Korea should not be propping up any zombie companies or zombie industries. It’s very hard for a developed economy to succeed in heavy industry sectors like shipbuilding and shipping. Why postpone the agony? In the U.S., Obama got into trouble for saying “some of those jobs of the past are just not going to come back” about manufacturing, but he was telling the truth. Whether in Korea, the U.S., or any country, the response to globalization-related employment turmoil is labor flexibility, job retraining programs, and a decent unemployment safety net (sorely lacking in Korea) ― not further bailouts.
Korea, with a 2.7 percent GDP growth rate, looks on emerging market neighbors like China (6.9 percent) and India (7.6 percent) with jealous eyes. MSCI considers Korea an emerging market, so why can’t Korea enjoy emerging market growth? Once a year, there was always one Korean market sales trader, churning his accounts, who’d announce that MSCI was about to upgrade Korea to a developed market. After all, Korea’s per-capita GDP exceeds that of MSCI developed markets ― Italy, Spain, Portugal and New Zealand. But as with dysfunctional corporate governance and labor law, Korea failed here, too. MSCI removed Korea from developed market consideration, because it is judged too inaccessible to foreign investors. ETFs are the biggest thing to happen in fund management in the last 20 years, but ETFs’ large and off-exchange transactions are expensive and difficult to execute in Korea.
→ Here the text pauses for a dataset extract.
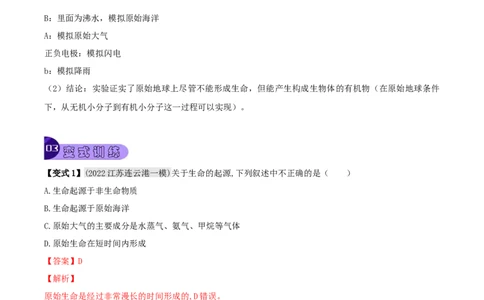 专题19生命的起源和进化（解析版）_6生物中考复习_2023年中考复习资料_专项复习_2023年中考生物总复习真题探究与变式训练（全国通用）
The won is still not freely-tradable, and Korea’s ID system is antiquated. No developed market suffers these accessibility problems, all which Korea could easily rectify.
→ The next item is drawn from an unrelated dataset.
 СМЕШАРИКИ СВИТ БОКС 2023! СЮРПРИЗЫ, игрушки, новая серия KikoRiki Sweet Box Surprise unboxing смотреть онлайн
Korea is at a crossroads here. While it can’t hope to compete with China or India for growth, it certainly can regain Malaysia or Indonesia’s 4.7 percent growth rate. Korea perpetuates its disdain for the rights of ordinary shareholders, its rigid, timid labor laws, its zombie bailouts, and its miles of red tape strangling foreign investment. At the same time, globalization is pushing Korea’s “Miracle on the Han” manufacturing to more profitable waters. Caught between internal inertia and unstoppable external forces, today Korea is in danger of sinking to the stagnant growth rates of France (1.2 percent) and Belgium (1.3 percent).
Henry Seggerman is CIO of International Investment Advisers.